The problem: Write out the listing in full, matching it word for word.
[Exercise data — start]
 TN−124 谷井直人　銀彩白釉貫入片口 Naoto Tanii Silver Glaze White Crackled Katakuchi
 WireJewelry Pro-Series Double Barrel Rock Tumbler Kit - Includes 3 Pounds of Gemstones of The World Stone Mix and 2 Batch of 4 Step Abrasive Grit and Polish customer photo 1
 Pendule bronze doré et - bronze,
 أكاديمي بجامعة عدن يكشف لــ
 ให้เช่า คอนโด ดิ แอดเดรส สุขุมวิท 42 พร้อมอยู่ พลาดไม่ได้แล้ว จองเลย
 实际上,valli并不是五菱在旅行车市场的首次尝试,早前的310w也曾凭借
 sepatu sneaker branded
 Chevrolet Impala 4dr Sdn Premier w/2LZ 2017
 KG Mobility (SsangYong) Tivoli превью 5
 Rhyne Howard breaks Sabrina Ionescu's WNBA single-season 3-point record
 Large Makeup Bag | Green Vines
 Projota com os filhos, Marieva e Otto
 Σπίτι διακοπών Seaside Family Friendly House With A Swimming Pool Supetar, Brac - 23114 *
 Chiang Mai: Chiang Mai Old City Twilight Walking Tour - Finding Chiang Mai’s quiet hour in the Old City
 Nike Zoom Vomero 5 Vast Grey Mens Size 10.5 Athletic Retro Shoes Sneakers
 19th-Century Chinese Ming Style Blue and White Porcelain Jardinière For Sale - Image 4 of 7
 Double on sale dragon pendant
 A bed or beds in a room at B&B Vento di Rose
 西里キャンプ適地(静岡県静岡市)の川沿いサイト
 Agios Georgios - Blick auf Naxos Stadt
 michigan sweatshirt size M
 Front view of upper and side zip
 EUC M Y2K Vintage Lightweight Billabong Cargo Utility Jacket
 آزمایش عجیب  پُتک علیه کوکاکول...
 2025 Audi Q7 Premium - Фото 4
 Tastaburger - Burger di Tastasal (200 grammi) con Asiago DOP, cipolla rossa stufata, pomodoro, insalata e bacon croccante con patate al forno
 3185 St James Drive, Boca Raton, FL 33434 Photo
[Exercise data — finish]
Answer to this exercise:
 TN−124 谷井直人　銀彩白釉貫入片口 Naoto Tanii Silver Glaze White Crackled Katakuchi
 WireJewelry Pro-Series Double Barrel Rock Tumbler Kit - Includes 3 Pounds of Gemstones of The World Stone Mix and 2 Batch of 4 Step Abrasive Grit and Polish customer photo 1
 Pendule bronze doré et - bronze,
 أكاديمي بجامعة عدن يكشف لــ
 ให้เช่า คอนโด ดิ แอดเดรส สุขุมวิท 42 พร้อมอยู่ พลาดไม่ได้แล้ว จองเลย
 实际上,valli并不是五菱在旅行车市场的首次尝试,早前的310w也曾凭借
 sepatu sneaker branded
 Chevrolet Impala 4dr Sdn Premier w/2LZ 2017
 KG Mobility (SsangYong) Tivoli превью 5
 Rhyne Howard breaks Sabrina Ionescu's WNBA single-season 3-point record
 Large Makeup Bag | Green Vines
 Projota com os filhos, Marieva e Otto
 Σπίτι διακοπών Seaside Family Friendly House With A Swimming Pool Supetar, Brac - 23114 *
 Chiang Mai: Chiang Mai Old City Twilight Walking Tour - Finding Chiang Mai’s quiet hour in the Old City
 Nike Zoom Vomero 5 Vast Grey Mens Size 10.5 Athletic Retro Shoes Sneakers
 19th-Century Chinese Ming Style Blue and White Porcelain Jardinière For Sale - Image 4 of 7
 Double on sale dragon pendant
 A bed or beds in a room at B&B Vento di Rose
 西里キャンプ適地(静岡県静岡市)の川沿いサイト
 Agios Georgios - Blick auf Naxos Stadt
 michigan sweatshirt size M
 Front view of upper and side zip
 EUC M Y2K Vintage Lightweight Billabong Cargo Utility Jacket
 آزمایش عجیب  پُتک علیه کوکاکول...
 2025 Audi Q7 Premium - Фото 4
 Tastaburger - Burger di Tastasal (200 grammi) con Asiago DOP, cipolla rossa stufata, pomodoro, insalata e bacon croccante con patate al forno
 3185 St James Drive, Boca Raton, FL 33434 Photo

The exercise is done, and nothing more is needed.